R    J’ai l’ambition de les faire grimper à 5 milliards $ et, pourquoi pas, à 10 milliards $. Il y a du capital de risque au Québec, mais pas nécessairement dans toutes les régions de la province. La force de Desjardins, c’est sa décentralisation sur le territoire. Comment peut-on optimiser encore davantage notre présence pour réussir à faire émerger ces entreprises qui poussent dans l’ombre à Thetford Mines ou dans le Kamouraska ? En augmentant de façon significative l’enveloppe consacrée au capital de risque.

Q    Vous voulez accorder des leviers additionnels à Desjardins Capital, mais pour investir dans quels types d’entreprises?

R    Nous pensons, évidemment, aux entreprises qui sont éloignées des grands investisseurs privés, notamment celles situées à l’extérieur de la grande région de Montréal.
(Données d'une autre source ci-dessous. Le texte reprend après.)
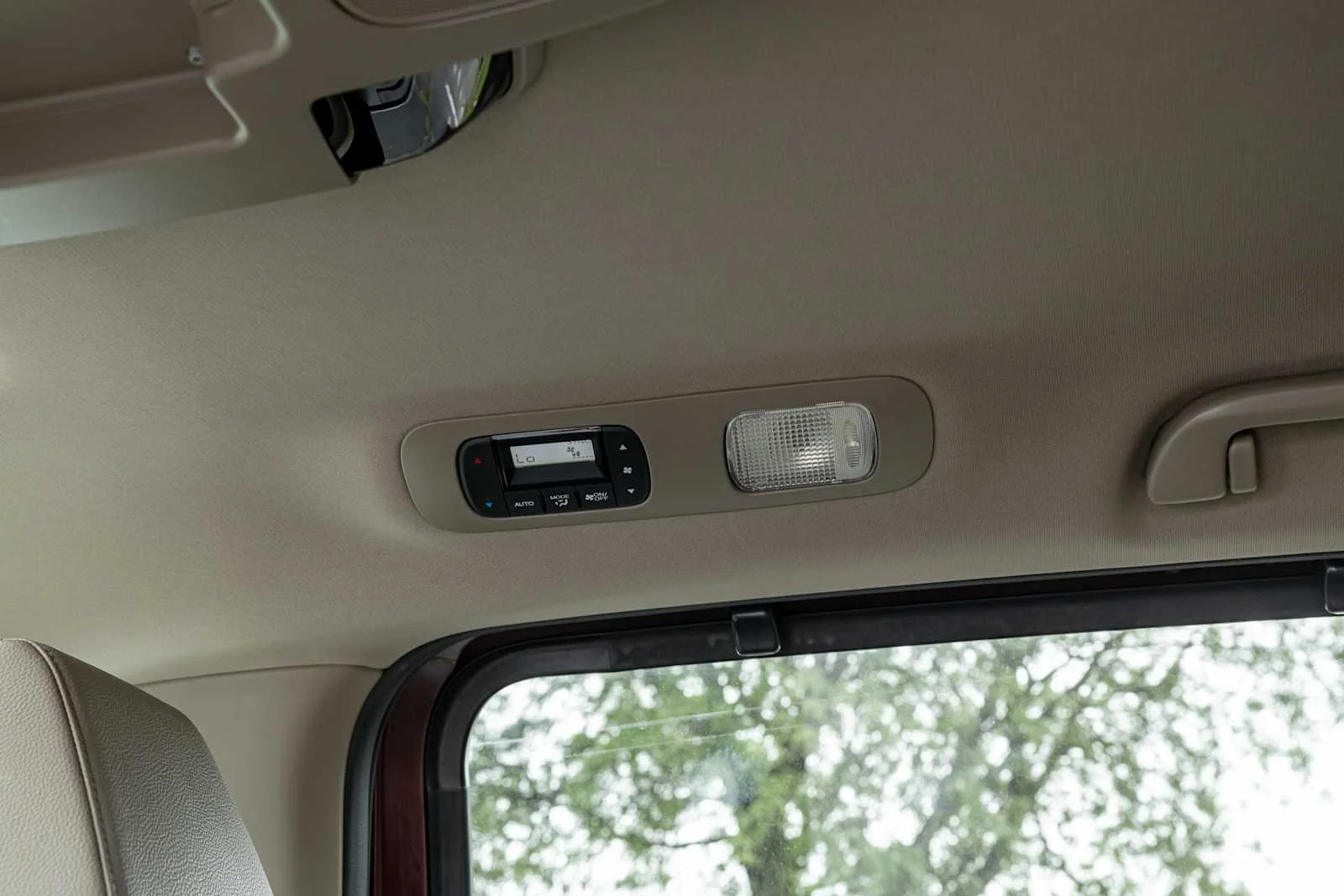 Used 2019 Deep Scarlet Pearl Honda Touring image 32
Nous avons également à l’oeil les fintechs et tout ce qui bouge en matière d’intelligence artificielle. Nous voulons continuer à aider les PME qui ont des ambitions internationales. Dans bien des cas, le coup de pouce ne passe pas seulement par le financement, mais aussi par l’accompagnement grâce à notre réseau de mentors.

Q    Desjardins Capital a-t-il un rôle à jouer dans les mouvements de transferts d’entreprises?

R    Plus que jamais. Au Québec, nous avons des discussions enflammées sur l’emplacement des sièges sociaux des entreprises. Toutes les ventes d’entreprise québécoise à des intérêts étrangers n’ont pas la même résonance que celle de RONA. Il est important d’investir pour garder nos entreprises et nos emplois ici. 

Q    Quel est le rendement recherché par Desjardins Capital ?

R Nous sommes des investisseurs patients. Certains investisseurs en capital de risque ont une date d’entrée et une date de sortie. Ils veulent monétiser leur investissement. Nous, chez Desjardins, nous avons une vision à long terme. Il faut, parfois, savoir s’élever au-delà du rendement strictement financier d’une décision d’affaires. Nous avons récemment créé le fonds Desjardins Capital PME (500 millions $) qui permet aux épargnants de diversifier leur portefeuille de placement et de contribuer au développement économique du Québec en apportant de l’eau au moulin des PME prometteuses. Une étude réalisée par la firme indépendante EcoTec Consultants montre que pour 1 $ de crédit d’impôt qui est accordé par le gouvernement du Québec dans le cadre de Capital régional et coopératif Desjardins, il va rechercher 11 fois sa mise en revenus fiscaux.